[[ SOURCE MATERIAL open ]]
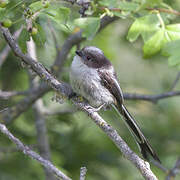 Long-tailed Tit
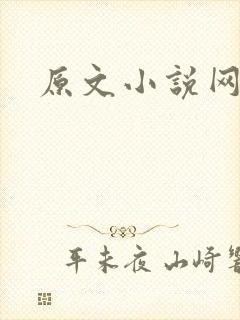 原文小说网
[[ SOURCE MATERIAL closed ]]
[[ SOURCE MATERIAL open ]]
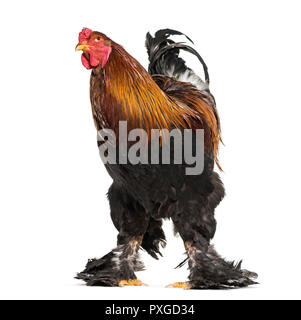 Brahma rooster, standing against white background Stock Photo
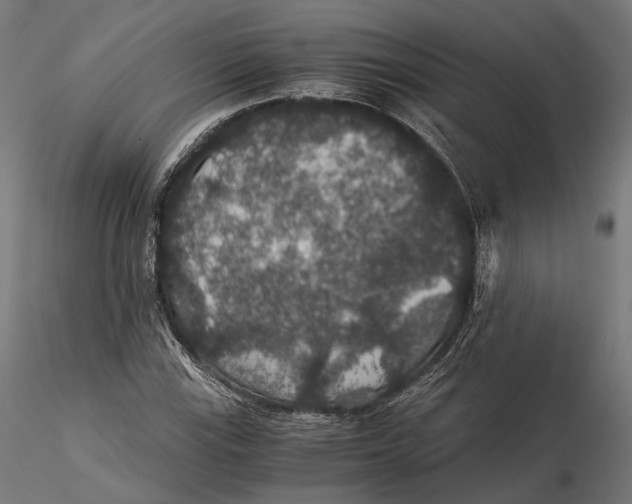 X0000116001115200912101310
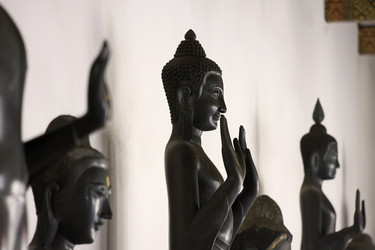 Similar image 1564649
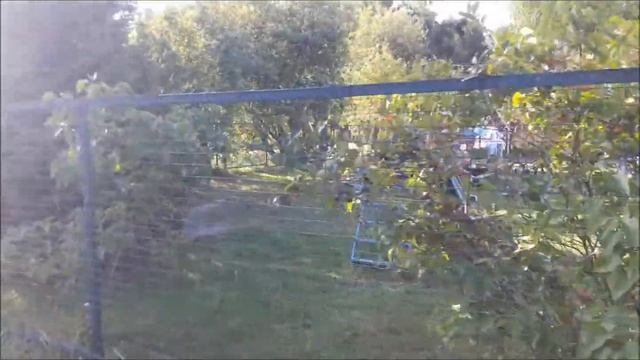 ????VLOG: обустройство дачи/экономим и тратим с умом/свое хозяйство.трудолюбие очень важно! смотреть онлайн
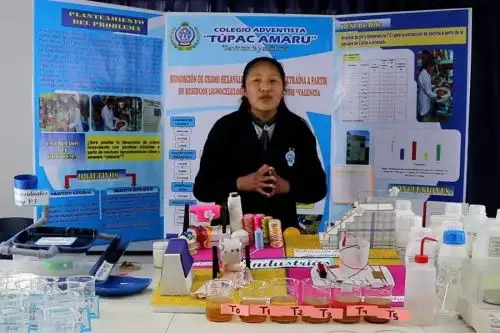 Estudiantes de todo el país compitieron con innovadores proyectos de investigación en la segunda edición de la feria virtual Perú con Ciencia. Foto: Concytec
[[ SOURCE MATERIAL closed ]]
WORK INSTRUCTION →
Look above for the line with "X0000116001115200912101310" and copy exactly from it through the line with "Estudiantes de todo", both included. Omit the pictures.

WRITTEN SOLUTION →
 X0000116001115200912101310
 Similar image 1564649
 ????VLOG: обустройство дачи/экономим и тратим с умом/свое хозяйство.трудолюбие очень важно! смотреть онлайн
 Estudiantes de todo el país compitieron con innovadores proyectos de investigación en la segunda edición de la feria virtual Perú con Ciencia. Foto: Concytec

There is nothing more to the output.